One game, especially the first game of a season, is hardly that important of a game in the larger sense, but Vancouver can use a strong effort.
When we last saw them they were getting pushed around by the Boston Bruins and accusations of being soft, having no heart and being dirty divers were being slapped on them. Tonight they can start to dispel those reputations.
Tonight they play one of the favorites in the Eastern Conference and by playing well and winning convincingly they can wipe the bad taste of last year’s finals from their mouths. If they lose, if Luongo plays poorly or if Pittsburgh pushes them around, the narrative from last spring will intensify.
Vancouver, in the past few seasons, have struggled out of the gate playing .500 hockey in October. Now more than ever they need to reverse that trend.
They will find that harder to do without Ryan Kesler and with other players still sore from a long and grueling season last year.

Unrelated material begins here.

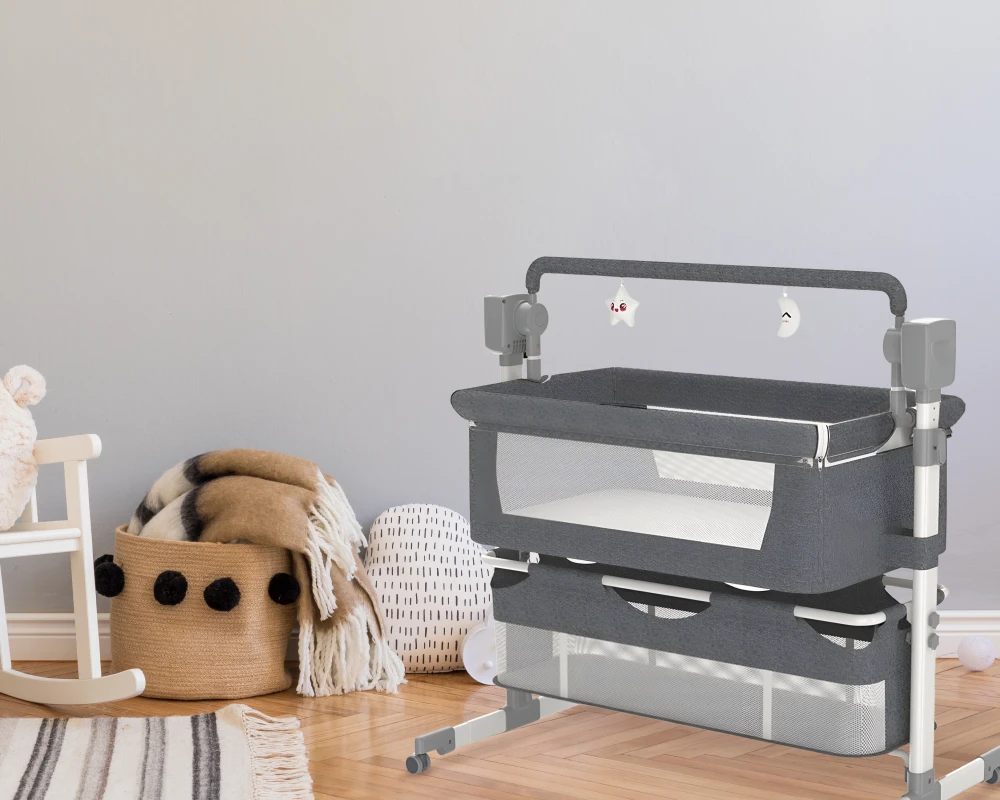 newborn rocking bassinet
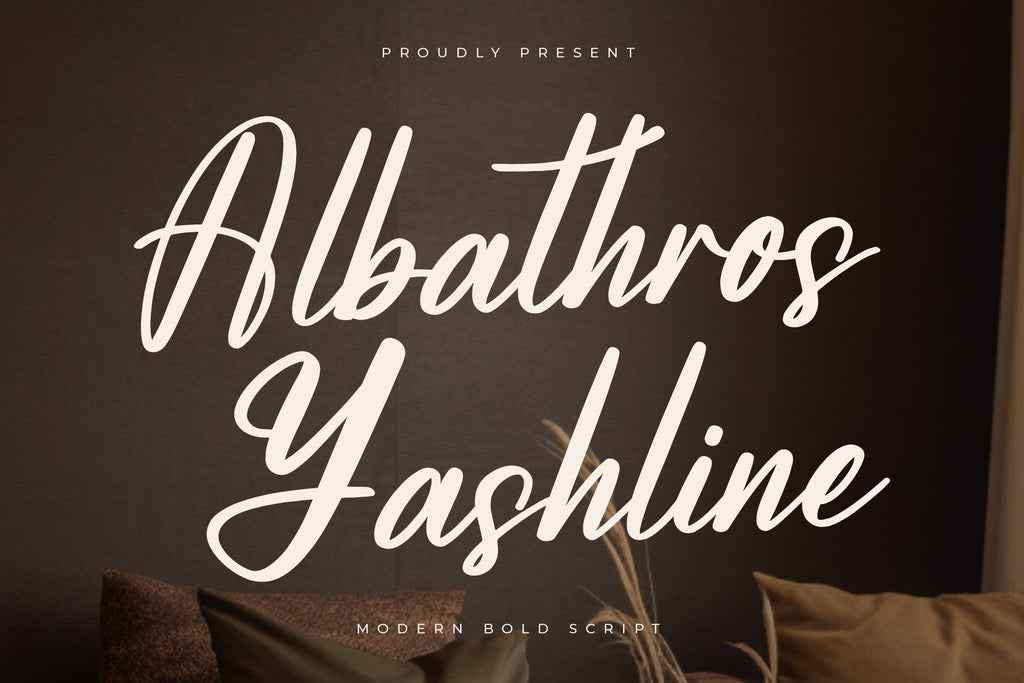 Albathros Yashline - Modern Bold Script - So Fontsy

Despite that, the Canucks do have some things working in their favor. They get to open at home in front of an enthusiastic sell-out crowd eager to move on from last year’s disappointment. They also get a Penguins team that is missing their best player.
How panicked will you be if the Canucks lose opening night?
Even without Sidney Crosby the Penguins are still a tough out and the Canucks will need to come out ready to skate.
They will need to show that their power play is still potent (even without Christian Ehrhoff), and that they have found a new toughness. This will be the debut of Vancouver’s new bruising fourth line. It would not be surprising to see them try and make a statement against a Pittsburgh team that is no stranger to the rough stuff.
Vancouver may face the most pressure from their own fan base. As passionate as Canucks fans are, they also put a lot of pressure on the team.
If Vancouver comes out flat tonight, local talk shows and internet message boards will be in full panic modes, Luongo will be ripped (no matter how he plays) and Alain Vigneault’s job will be called for. The local media will pile on as well and the Canucks may start gripping their sticks tight.
So, for an opening night game coming off a Stanley Cup run, there is a lot at stake here.
Tonight’s game is on national television in both Canada and the US.
Vancouver has a chance to tell the hockey world that they are back and are going to be a force to be dealt with.